Réjean Théberge, pompier depuis plus d’une vingtaine d’années, en a vu d’autres, même si ce feu est le plus gros qu’il a combattu. Il est peut-être le moins avare de commentaires des trois. Il raconte entre autres comment il s’est brûlé au deuxième degré en plongeant sa main dans une flaque d’eau d’un champ pourtant noyé d’eau. « Ça vous donne un aperçu du comment la chaleur était intense et profonde », dit-il.
Il saute ensuite vite au plus beau, la solidarité. On le comprend, n’est-ce pas ce qu’on devrait retenir, un an plus tard ? Il souligne l’apport indispensable des citernes de 5000 gallons des agriculteurs qui a été salutaire. « Nos camions, c’est seulement 2500 gallons », précise-t-il. « Ça ne sert pas juste à étendre du fumier », rétorque Francis Pelletier, en réponse aux critiques que les agriculteurs encaissent trop souvent lorsqu’ils font usage de ce type de machinerie.
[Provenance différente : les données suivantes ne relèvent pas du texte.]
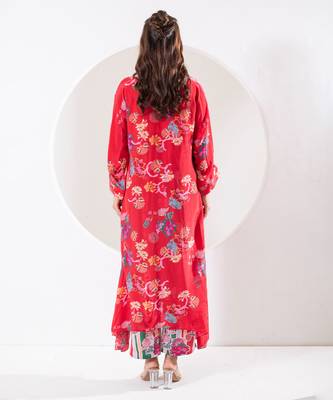 Rukmini red kaftan set 4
L’agriculteur en a aussi beaucoup à dire sur l’entraide qui a régné durant le feu. Il est fier de sa région, avoue-t-il. Sa famille, dont la ferme a été la proie des flammes il y a plus d’une dizaine d’années, avait déjà bénéficié de cet élan de solidarité qu’on qualifie de typique aux milieux ruraux. Francis Pelletier se réjouit que cette valeur soit toujours présente aujourd’hui.
Pascal Laplante tire surtout des leçons et raconte que les pratiques ont été revues par son employeur. « Des feux dans une tourbière, il va toujours en avoir. Plus il fait chaud, mieux c’est pour récolter de la tourbe. Le problème, c’est le vent, parce que c’est là que ça peut devenir dangereux », précise-t-il dans un souci d’éduquer et non de banaliser.
Il reconnaît toutefois qu’une crainte subsiste toujours chez les employés, mais que les mesures prises par l’entreprise sont rassurantes. « Dès que des pointes de plus de 40 km/h sont enregistrées, les opérations sont maintenant arrêtées dans la tourbière. Aujourd’hui est un bon exemple, c’était une belle journée pour récolter, mais les gars ont analysé la situation dans les champs et ils sont revenus. Tout le monde est prudent. »
Réjean Théberge dit comprendre cette nervosité. Lui-même, il l’est toujours, peu importe l’ampleur du feu. Chaque fois qu’un appel survient, l’adrénaline monte. La veille de la rencontre, un feu s’est déclenché au Domaine Nos étés à Saint-Denis-De La Bouteillerie. Quatre maisons et une partie de la forêt environnantes sont parties en fumée. La SOPFEU est de nouveau intervenue. Trois pompiers ont été victimes d’un coup de chaleur. Le brasier a été depuis maîtrisé, mais les conditions climatiques qui régnaient quand cet incendie a pris naissance et la mobilisation des ressources qu’il a nécessitée pour le combattre ont ravivé les braises de l’inquiétude chez les pompiers, le souvenir du feu aux Tourbières n’étant pas bien loin, souligne-t-il.
18 h 30. L’heure du souper a sonné, le vent s’est calmé, la poussière retombe tranquillement et les moustiques recommencent à nous tourner autour. Pascal, Réjean et Francis rentrent chez eux. L’image ne peut être plus parfaite. Après le déchaînement de la nature, la vie reprend toujours son cours.